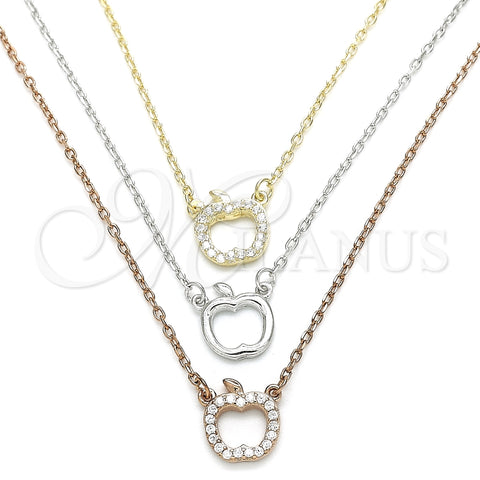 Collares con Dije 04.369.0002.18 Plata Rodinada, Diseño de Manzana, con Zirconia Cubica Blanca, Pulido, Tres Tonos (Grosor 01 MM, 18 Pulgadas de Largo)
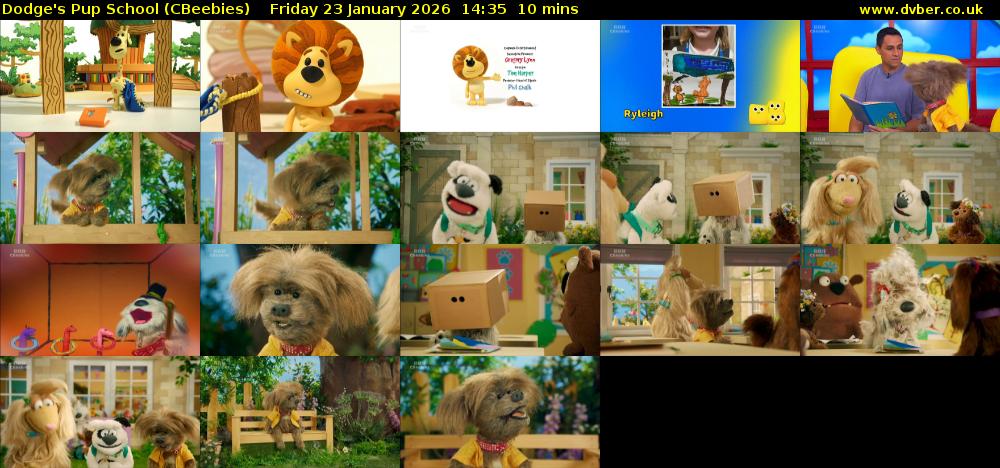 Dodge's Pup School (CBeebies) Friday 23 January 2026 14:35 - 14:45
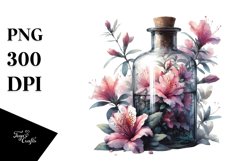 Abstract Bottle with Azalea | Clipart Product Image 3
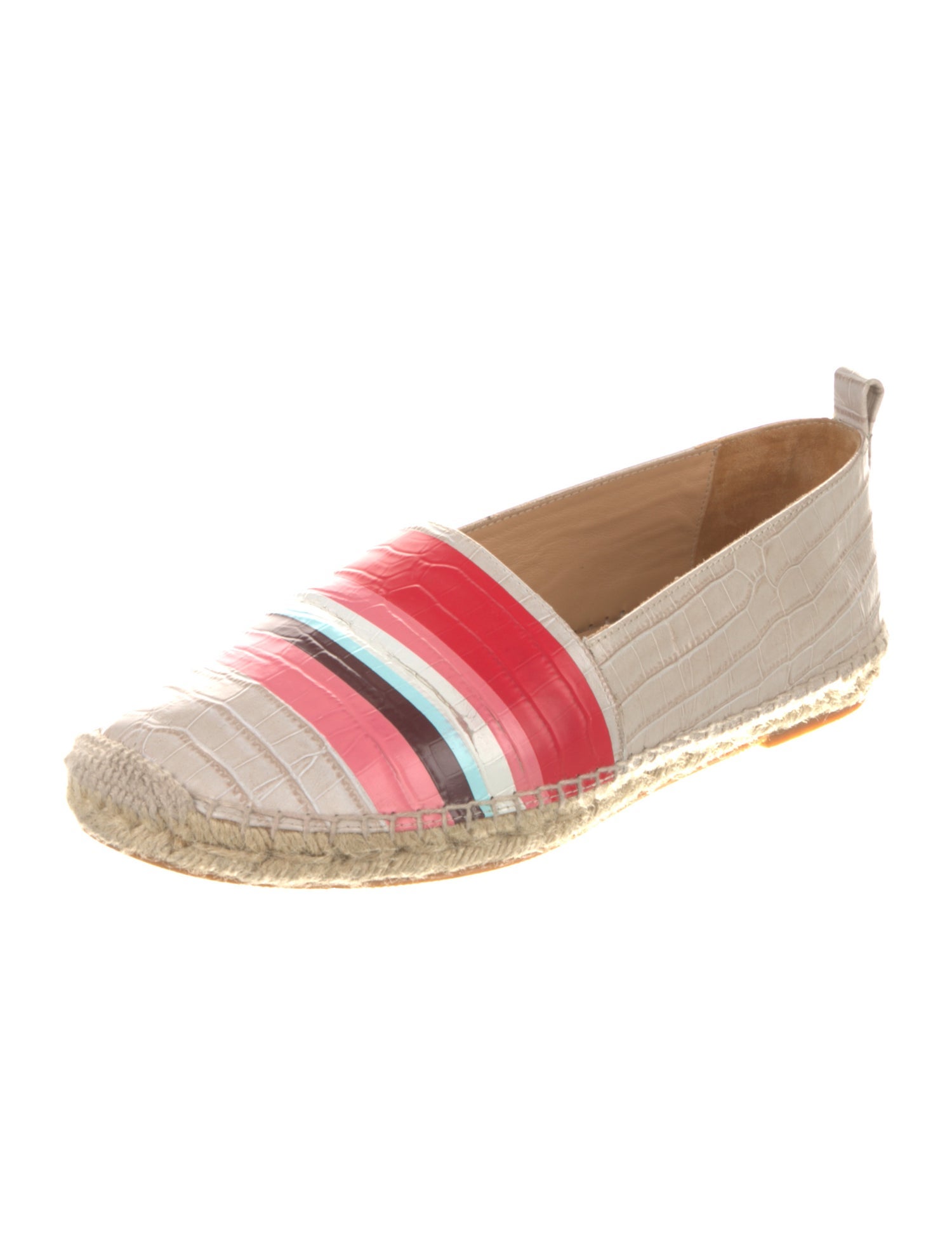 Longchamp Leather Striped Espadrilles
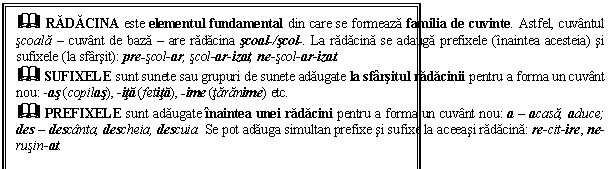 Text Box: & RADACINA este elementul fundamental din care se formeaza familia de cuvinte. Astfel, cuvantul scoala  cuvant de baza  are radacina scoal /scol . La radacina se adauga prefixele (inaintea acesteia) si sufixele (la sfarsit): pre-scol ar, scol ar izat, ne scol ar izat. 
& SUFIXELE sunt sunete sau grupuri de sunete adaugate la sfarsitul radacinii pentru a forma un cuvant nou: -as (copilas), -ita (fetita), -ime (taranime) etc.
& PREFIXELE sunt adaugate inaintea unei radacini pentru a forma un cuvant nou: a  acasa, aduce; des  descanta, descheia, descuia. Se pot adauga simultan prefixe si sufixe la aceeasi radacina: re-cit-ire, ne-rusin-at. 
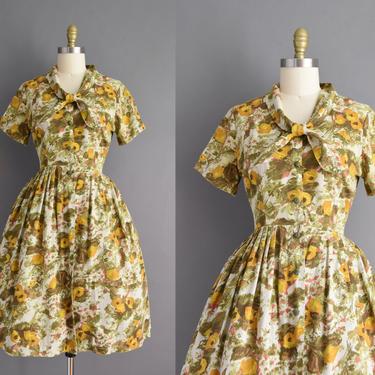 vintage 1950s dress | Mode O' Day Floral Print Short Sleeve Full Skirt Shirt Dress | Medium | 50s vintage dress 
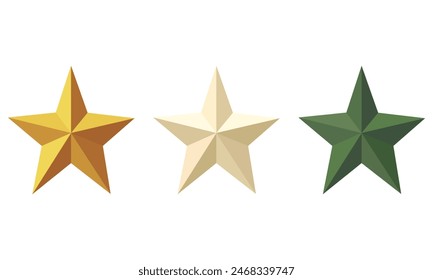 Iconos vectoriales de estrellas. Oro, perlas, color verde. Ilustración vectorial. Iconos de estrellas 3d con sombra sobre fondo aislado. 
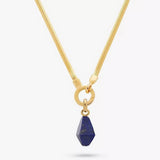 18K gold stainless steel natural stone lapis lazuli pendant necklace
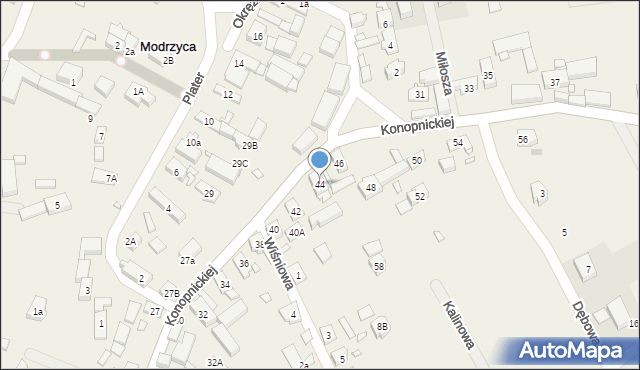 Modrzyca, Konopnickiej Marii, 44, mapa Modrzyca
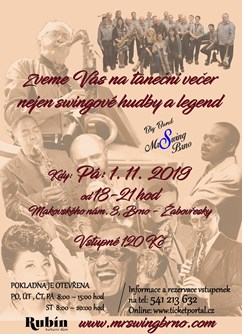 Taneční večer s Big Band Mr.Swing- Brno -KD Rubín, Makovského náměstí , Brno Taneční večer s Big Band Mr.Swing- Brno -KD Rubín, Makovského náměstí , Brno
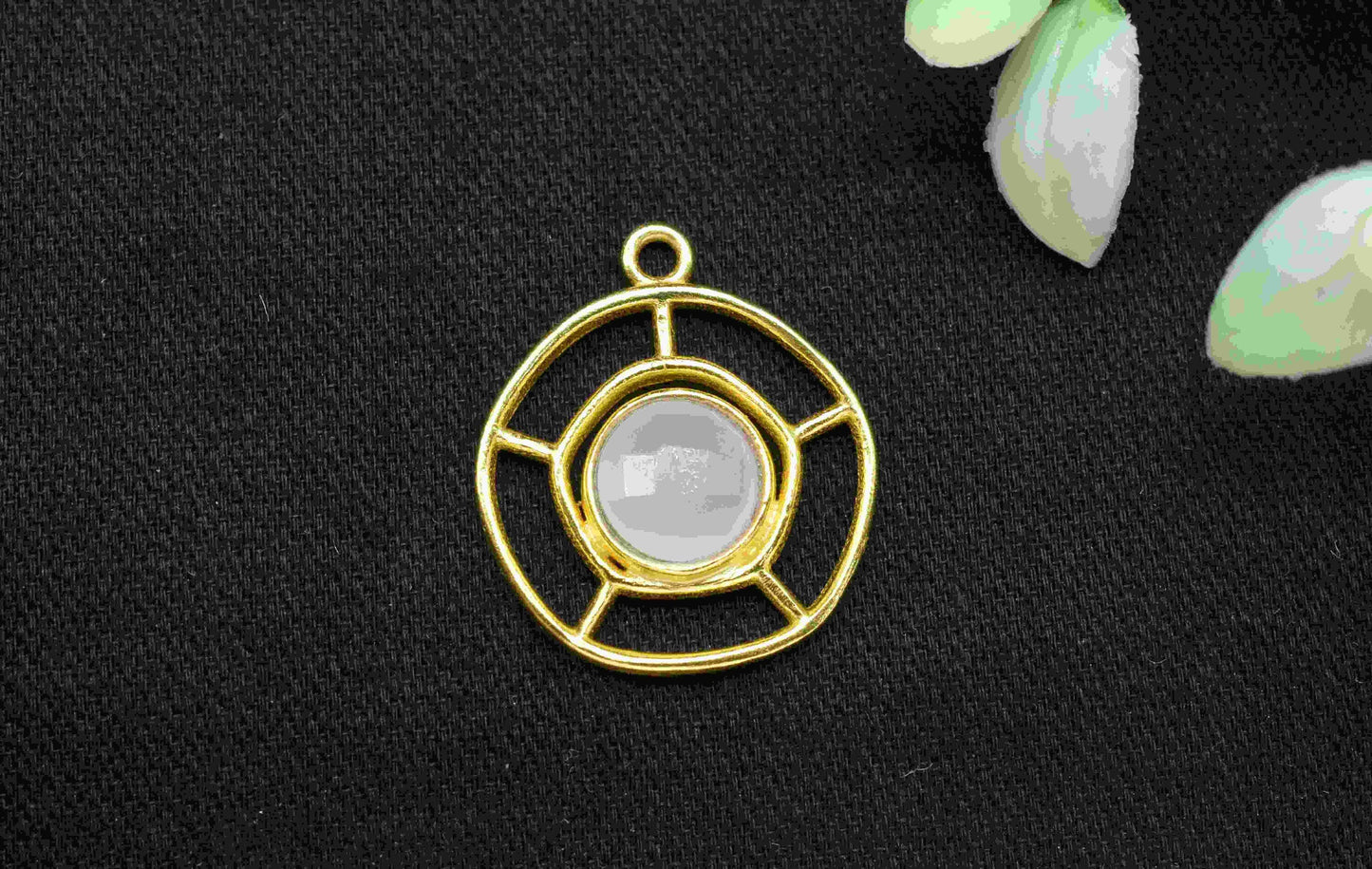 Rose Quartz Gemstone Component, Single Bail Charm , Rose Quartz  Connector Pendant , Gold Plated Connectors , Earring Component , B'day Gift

-- -- --

Print the data once more without any change, skipping each picture.

 Collares con Dije 04.369.0002.18 Plata Rodinada, Diseño de Manzana, con Zirconia Cubica Blanca, Pulido, Tres Tonos (Grosor 01 MM, 18 Pulgadas de Largo)
 Dodge's Pup School (CBeebies) Friday 23 January 2026 14:35 - 14:45
 Abstract Bottle with Azalea | Clipart Product Image 3
 Longchamp Leather Striped Espadrilles
 Text Box: & RADACINA este elementul fundamental din care se formeaza familia de cuvinte. Astfel, cuvantul scoala  cuvant de baza  are radacina scoal /scol . La radacina se adauga prefixele (inaintea acesteia) si sufixele (la sfarsit): pre-scol ar, scol ar izat, ne scol ar izat. 
& SUFIXELE sunt sunete sau grupuri de sunete adaugate la sfarsitul radacinii pentru a forma un cuvant nou: -as (copilas), -ita (fetita), -ime (taranime) etc.
& PREFIXELE sunt adaugate inaintea unei radacini pentru a forma un cuvant nou: a  acasa, aduce; des  descanta, descheia, descuia. Se pot adauga simultan prefixe si sufixe la aceeasi radacina: re-cit-ire, ne-rusin-at. 
 vintage 1950s dress | Mode O' Day Floral Print Short Sleeve Full Skirt Shirt Dress | Medium | 50s vintage dress 
 Iconos vectoriales de estrellas. Oro, perlas, color verde. Ilustración vectorial. Iconos de estrellas 3d con sombra sobre fondo aislado. 
 18K gold stainless steel natural stone lapis lazuli pendant necklace
 Modrzyca, Konopnickiej Marii, 44, mapa Modrzyca
 Taneční večer s Big Band Mr.Swing- Brno -KD Rubín, Makovského náměstí , Brno Taneční večer s Big Band Mr.Swing- Brno -KD Rubín, Makovského náměstí , Brno
 Rose Quartz Gemstone Component, Single Bail Charm , Rose Quartz  Connector Pendant , Gold Plated Connectors , Earring Component , B'day Gift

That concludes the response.